Your goal -
Only the lines from the start of the data through the one containing "1150 S Meadow Lane 30, Colton, CA 92324" belong in your answer; return them exactly.

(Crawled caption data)
+ + +
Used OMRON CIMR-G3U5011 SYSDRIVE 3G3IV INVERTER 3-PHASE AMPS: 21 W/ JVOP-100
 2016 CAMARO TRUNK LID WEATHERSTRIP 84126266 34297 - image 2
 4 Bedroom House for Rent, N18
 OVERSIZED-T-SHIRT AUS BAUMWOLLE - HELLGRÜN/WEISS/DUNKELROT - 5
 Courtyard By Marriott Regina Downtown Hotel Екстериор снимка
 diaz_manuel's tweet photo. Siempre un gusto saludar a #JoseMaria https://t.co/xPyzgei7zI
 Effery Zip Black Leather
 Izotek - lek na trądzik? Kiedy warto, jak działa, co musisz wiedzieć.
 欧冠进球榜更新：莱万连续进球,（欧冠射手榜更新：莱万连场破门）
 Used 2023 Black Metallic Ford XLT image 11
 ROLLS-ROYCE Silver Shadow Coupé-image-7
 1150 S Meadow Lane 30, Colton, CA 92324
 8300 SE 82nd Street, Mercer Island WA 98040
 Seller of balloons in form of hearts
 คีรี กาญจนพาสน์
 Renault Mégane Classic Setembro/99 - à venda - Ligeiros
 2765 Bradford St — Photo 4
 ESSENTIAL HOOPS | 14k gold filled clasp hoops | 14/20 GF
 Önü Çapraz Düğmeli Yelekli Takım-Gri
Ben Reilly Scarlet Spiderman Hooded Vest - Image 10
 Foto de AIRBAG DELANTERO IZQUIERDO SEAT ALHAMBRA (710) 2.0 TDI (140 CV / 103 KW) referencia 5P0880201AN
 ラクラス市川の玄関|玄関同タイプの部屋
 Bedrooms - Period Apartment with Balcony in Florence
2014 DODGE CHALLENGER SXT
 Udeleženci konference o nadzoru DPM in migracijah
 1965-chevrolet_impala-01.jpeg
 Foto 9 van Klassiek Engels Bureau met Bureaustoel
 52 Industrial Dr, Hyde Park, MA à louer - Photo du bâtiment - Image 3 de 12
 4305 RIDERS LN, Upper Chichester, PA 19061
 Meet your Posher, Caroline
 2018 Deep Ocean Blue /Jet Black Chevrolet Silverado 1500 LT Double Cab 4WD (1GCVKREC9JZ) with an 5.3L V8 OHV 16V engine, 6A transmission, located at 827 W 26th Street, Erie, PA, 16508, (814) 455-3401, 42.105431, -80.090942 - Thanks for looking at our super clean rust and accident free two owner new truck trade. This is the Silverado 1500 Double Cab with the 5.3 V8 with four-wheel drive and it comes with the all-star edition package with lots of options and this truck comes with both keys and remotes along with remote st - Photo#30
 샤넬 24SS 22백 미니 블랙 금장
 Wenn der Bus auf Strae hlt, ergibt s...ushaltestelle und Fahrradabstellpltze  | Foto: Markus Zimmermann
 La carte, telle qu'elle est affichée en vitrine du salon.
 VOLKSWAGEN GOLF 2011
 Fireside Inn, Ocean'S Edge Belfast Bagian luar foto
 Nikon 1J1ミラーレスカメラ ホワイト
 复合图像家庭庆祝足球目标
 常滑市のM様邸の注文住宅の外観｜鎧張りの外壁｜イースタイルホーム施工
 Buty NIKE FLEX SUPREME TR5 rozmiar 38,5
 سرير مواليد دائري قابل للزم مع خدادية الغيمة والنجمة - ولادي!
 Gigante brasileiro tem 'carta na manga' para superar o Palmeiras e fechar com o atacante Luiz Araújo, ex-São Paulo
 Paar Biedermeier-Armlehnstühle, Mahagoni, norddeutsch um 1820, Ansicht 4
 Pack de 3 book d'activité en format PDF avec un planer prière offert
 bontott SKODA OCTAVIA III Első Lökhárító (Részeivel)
+ + +
Result -
Used OMRON CIMR-G3U5011 SYSDRIVE 3G3IV INVERTER 3-PHASE AMPS: 21 W/ JVOP-100
 2016 CAMARO TRUNK LID WEATHERSTRIP 84126266 34297 - image 2
 4 Bedroom House for Rent, N18
 OVERSIZED-T-SHIRT AUS BAUMWOLLE - HELLGRÜN/WEISS/DUNKELROT - 5
 Courtyard By Marriott Regina Downtown Hotel Екстериор снимка
 diaz_manuel's tweet photo. Siempre un gusto saludar a #JoseMaria https://t.co/xPyzgei7zI
 Effery Zip Black Leather
 Izotek - lek na trądzik? Kiedy warto, jak działa, co musisz wiedzieć.
 欧冠进球榜更新：莱万连续进球,（欧冠射手榜更新：莱万连场破门）
 Used 2023 Black Metallic Ford XLT image 11
 ROLLS-ROYCE Silver Shadow Coupé-image-7
 1150 S Meadow Lane 30, Colton, CA 92324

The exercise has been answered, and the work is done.